• **EXERCISE BRIEF**:
Copy word for word the lines in the records below, starting at the line with "Cadre de lit" and ending at the line with "Rena Begay Turquoise". Skip the pictures.

• **GIVEN DATA**:
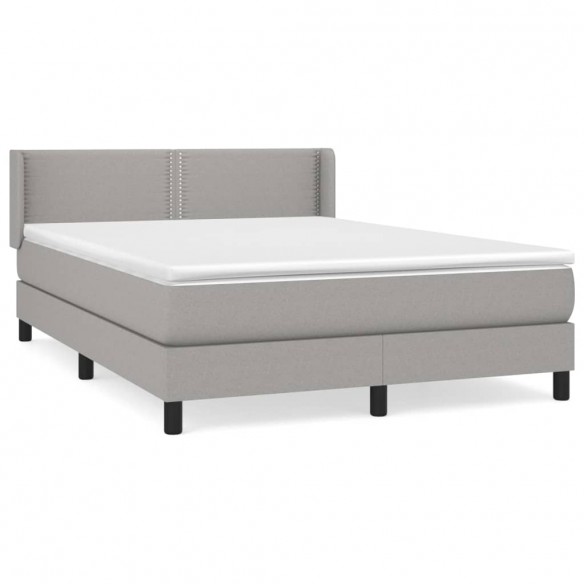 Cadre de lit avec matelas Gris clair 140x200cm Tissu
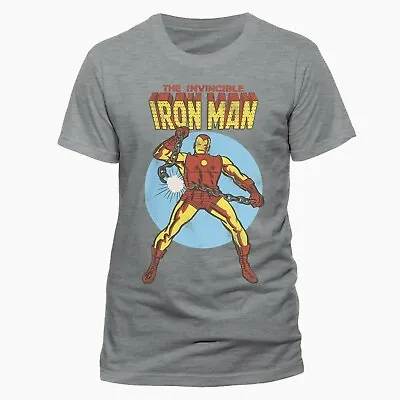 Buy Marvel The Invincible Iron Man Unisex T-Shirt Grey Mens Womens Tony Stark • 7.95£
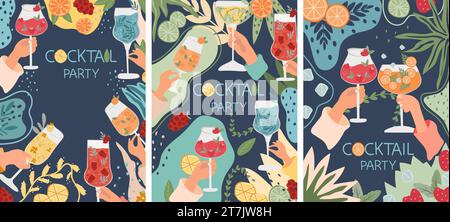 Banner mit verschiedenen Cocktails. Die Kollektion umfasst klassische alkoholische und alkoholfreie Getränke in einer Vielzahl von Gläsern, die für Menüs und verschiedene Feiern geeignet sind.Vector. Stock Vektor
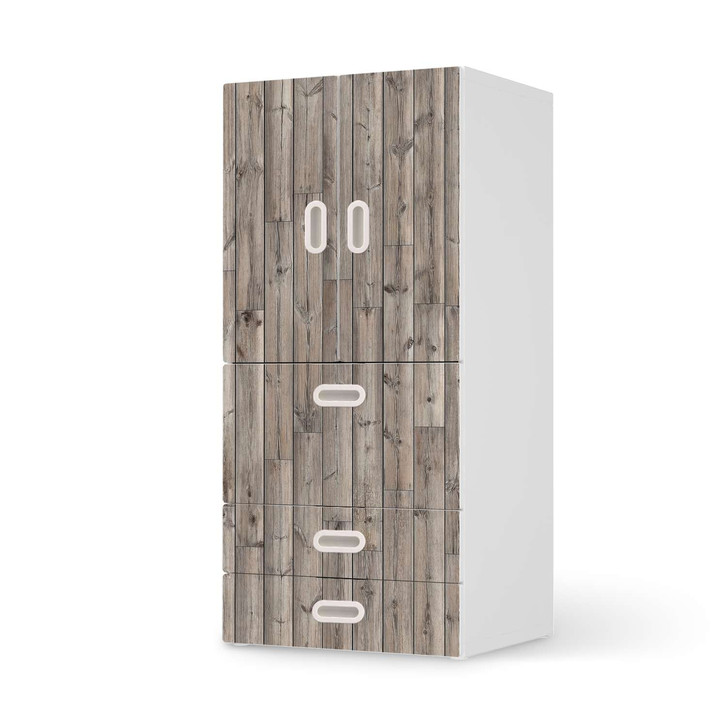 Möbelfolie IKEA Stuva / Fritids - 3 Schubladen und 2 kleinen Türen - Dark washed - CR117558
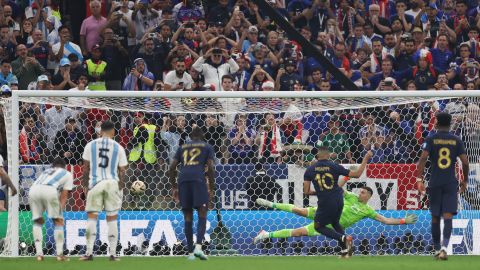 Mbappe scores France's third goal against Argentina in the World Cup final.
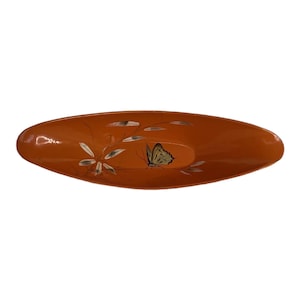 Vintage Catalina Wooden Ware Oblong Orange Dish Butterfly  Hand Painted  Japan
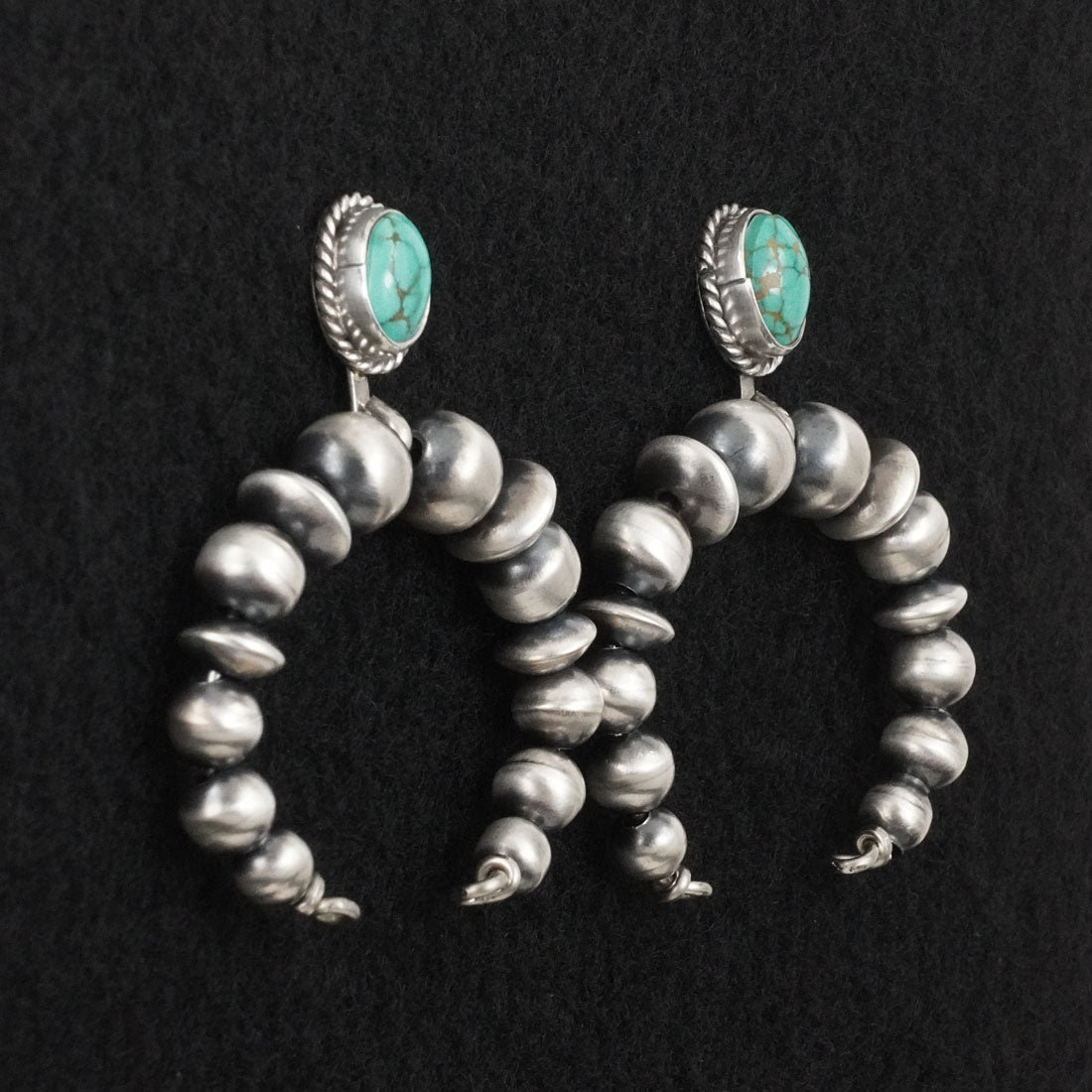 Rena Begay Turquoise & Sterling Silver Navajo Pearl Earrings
--
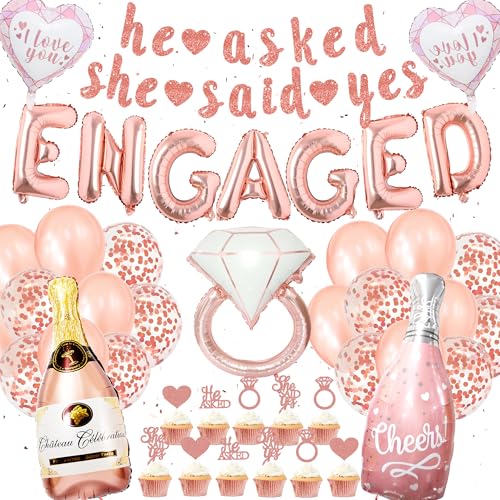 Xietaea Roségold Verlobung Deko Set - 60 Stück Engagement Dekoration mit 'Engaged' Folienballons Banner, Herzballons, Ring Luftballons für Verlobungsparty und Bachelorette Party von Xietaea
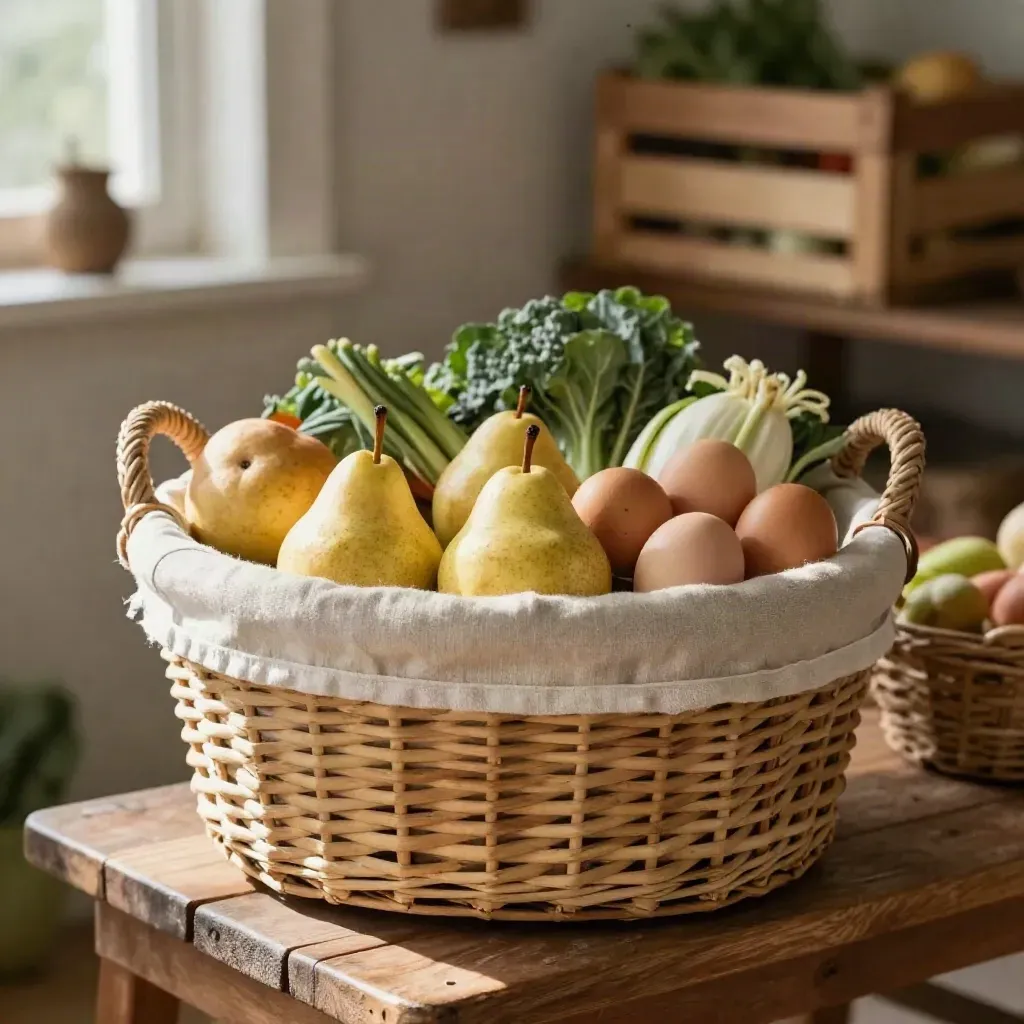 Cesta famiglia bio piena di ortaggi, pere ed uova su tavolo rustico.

• **SOLUTION FOR THIS PROBLEM**:
 Cadre de lit avec matelas Gris clair 140x200cm Tissu
 Buy Marvel The Invincible Iron Man Unisex T-Shirt Grey Mens Womens Tony Stark • 7.95£
 Banner mit verschiedenen Cocktails. Die Kollektion umfasst klassische alkoholische und alkoholfreie Getränke in einer Vielzahl von Gläsern, die für Menüs und verschiedene Feiern geeignet sind.Vector. Stock Vektor
 Möbelfolie IKEA Stuva / Fritids - 3 Schubladen und 2 kleinen Türen - Dark washed - CR117558
 Mbappe scores France's third goal against Argentina in the World Cup final.
 Vintage Catalina Wooden Ware Oblong Orange Dish Butterfly  Hand Painted  Japan
 Rena Begay Turquoise & Sterling Silver Navajo Pearl Earrings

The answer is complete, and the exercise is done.